## Available data
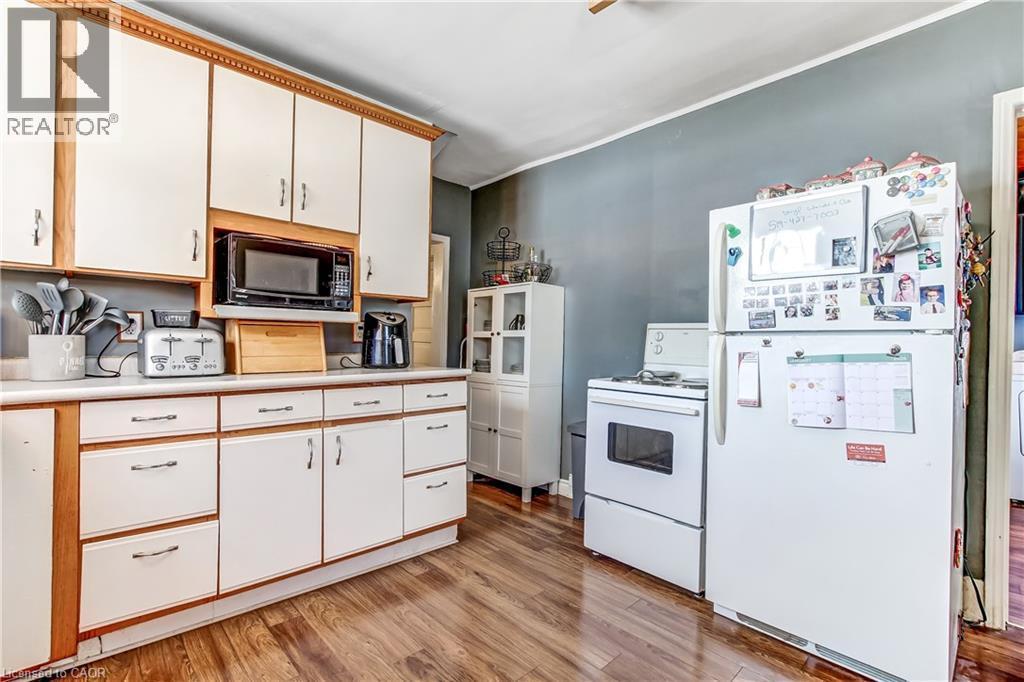 fridge and stove included - 13 Second Avenue E, Simcoe, ON - Indoor Photo Showing Kitchen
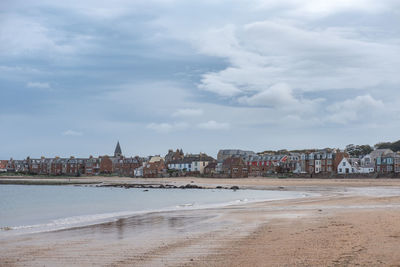 View of beach and buildings against cloudy sky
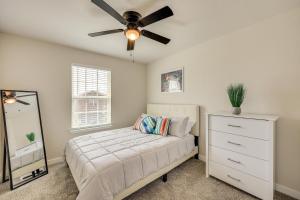 a bedroom with a bed and a ceiling fan at San Antonio Home with Fenced-In Yard Steps to Park! in San Antonio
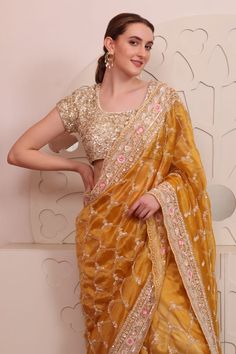 Yellow organza saree with floral, thread and sequins hand embroidery. Comes with a padded blouse. - Aza Fashions Designer Organza Pre-draped Saree With Dori Work, Gold Organza Pre-draped Saree For Navratri, Festival Organza Pre-draped Saree With Mirror Work, Gold Organza Pre-draped Saree With Resham Embroidery, Designer Organza Pre-draped Saree For Festivals, Fitted Embroidered Organza Fabric For Saree, Festive Organza Pre-draped Saree With Pallu, Bollywood Style Festive Organza Blouse Piece, Traditional Pre-draped Organza Saree With Mirror Work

## Your assignment
Skip every picture, and give the rest of the material above again exactly.

## Response
 fridge and stove included - 13 Second Avenue E, Simcoe, ON - Indoor Photo Showing Kitchen
 View of beach and buildings against cloudy sky
 a bedroom with a bed and a ceiling fan at San Antonio Home with Fenced-In Yard Steps to Park! in San Antonio
 Yellow organza saree with floral, thread and sequins hand embroidery. Comes with a padded blouse. - Aza Fashions Designer Organza Pre-draped Saree With Dori Work, Gold Organza Pre-draped Saree For Navratri, Festival Organza Pre-draped Saree With Mirror Work, Gold Organza Pre-draped Saree With Resham Embroidery, Designer Organza Pre-draped Saree For Festivals, Fitted Embroidered Organza Fabric For Saree, Festive Organza Pre-draped Saree With Pallu, Bollywood Style Festive Organza Blouse Piece, Traditional Pre-draped Organza Saree With Mirror Work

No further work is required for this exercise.